Cette crise politique majeure révèle en revanche aux républicains au pouvoir la capacité de mobilisation des congrégations religieuses ce qui aboutit à la fameuse « loi de 1901 » sur le droit d’association restreignant aussi le droit des congrégations à exister légalement. Les congrégations non autorisées sont alors dissoutes ou s’exilent, leurs biens sont confisqués. Leurs expulsions donnent lieu à des incidents qui se répéteront avec la loi sur la séparation de l’Église et de l’État en 1905. Devant la mauvaise volonté de fonctionnaires, de magistrats ou bien de militaires lorsque l’armée est appelée pour prêter main-forte, le président du Conseil Émile Combes entreprend alors une vigoureuse épuration de l’administration et de la hiérarchie militaire qui témoigne d’une répugnance certaine vis-à-vis des institutions républicaines et du régime parlementaire en place. À l’époque, elle constitue de fait un corps autonome, quasi indépendant du pouvoir civil, ayant ses propres règles, se recrutant par cooptation, nommant aux hauts grades sans contrôle du pouvoir civil.

Le général André, ministre de la Guerre depuis 1900 et polytechnicien, s’attaque à cet état des choses. Il n’est pas franc-maçon comme on l’a écrit, mais il veut démocratiser l’armée et favoriser la carrière d’officiers républicains. Il prend donc un certain nombre de mesures significatives notamment dans le domaine de l’avancement. Il fait la distinction entre ceux qui sont connus pour leurs opinions républicaines et les autres. Dans le courant de l’année 1901, ne pouvant s’occuper avec son état-major des 27 000 officiers de l’armée, il accepte l’offre que lui fait Frédéric Desmons, vice-président du Sénat et Grand Maître de la principale obédience maçonnique française, le Grand Orient de France. Il est demandé aux loges des villes de garnison les renseignements souhaités. À l’automne 1904 cependant, suite à une campagne de presse, conduite par Le Figaro et Le Matin, qui dénonce les procédés de délation utilisés au ministère de la Guerre, le général André démissionne le 15 novembre. Le 18 janvier 1905, le gouvernement d’Emile Combes démissionne à son tour après avoir déposé en novembre 1904 le projet de loi de séparation de l’Église et de l’État abrogeant le Concordat de 1801. Les passions ne seront pas apaisées pour autant avec la période des inventaires des biens des églises, conséquence de la loi du 9 décembre 1905 sur la séparation de l’Église et de l’État et l’affaire Dreyfus qui ne se termine que le 12 juillet 1906 avec la décision de la Cour de cassation le réhabilitant à juste titre.
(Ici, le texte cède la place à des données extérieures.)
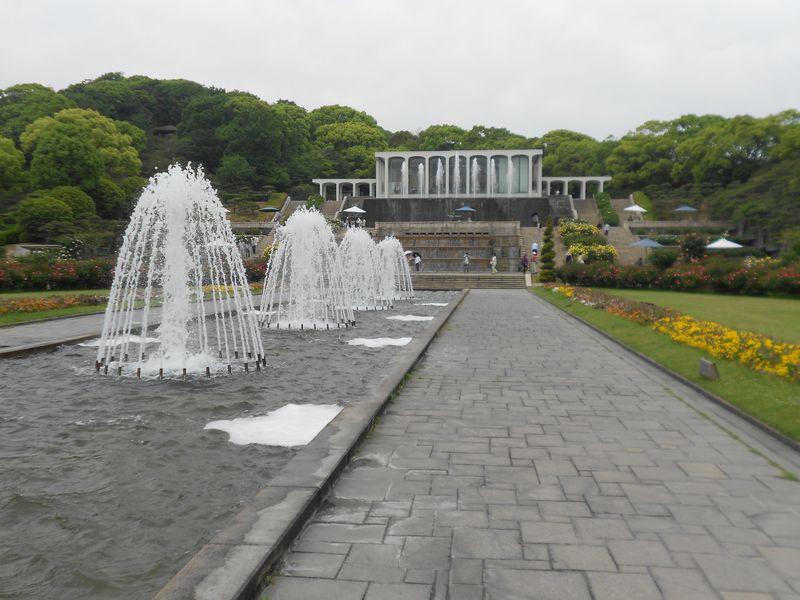 春と秋の 王侯貴族のバラ園 は必見 神戸市立須磨離宮公園 兵庫県 Lineトラベルjp 旅行ガイド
Cette période difficile de notre histoire militaire a sans aucun doute laissé des traces que l’on peut comprendre dans un certain nombre de familles ayant donné des officiers au service de la France. Cette fracture existe apparemment toujours pour une partie des officiers.

  • Le retour d’un catholicisme engagé

Un catholicisme engagé, parfois prosélyte, paraît peu à peu faire sa place au sein de l’institution militaire. Cette perception est d’autant plus forte lorsqu’on progresse dans la hiérarchie militaire avec une apparente surreprésentation des officiers catholiques. Il apparaît que l’engagement individuel d’être officier semble correspondre assez fréquemment à l’appartenance à un milieu culturel et familial catholique, avec un engagement politique de droite traditionnelle. Cependant, autant il semblait discret hier avec parfois un affichage de bon aloi, autant il paraît s’afficher aujourd’hui avec beaucoup moins de retenue.

Cette influence est perceptible à travers quelques exemples vécus. Dans les années 1990 déjà, un ancien chef de corps affichait sa fierté d’avoir amené au baptême trois de ses soldats lors d’une de ses opex4. Dans un séminaire de cadres au collège interarmées de défense (cid), j’ai eu une certaine surprise à entendre deux officiers supérieurs d’armées différentes se présenter comme officiers catholiques devant leur hiérarchie et leurs camarades sans susciter une quelconque réaction. À Saint-Cyr Coëtquidan, l’expression d’une foi ardente en uniforme a été régulièrement signalée parmi les élèves-officiers et a inquiété le commandement. C’est aussi cet autre officier qui fait remettre en état une chapelle à Pristina au Kosovo. J’ai enfin ce cas d’un officier de confession israélite se sentant écarté et ce dernier exemple rapporté de cette épouse d’officier protestant se sentant mise à l’écart par une partie des épouses catholiques.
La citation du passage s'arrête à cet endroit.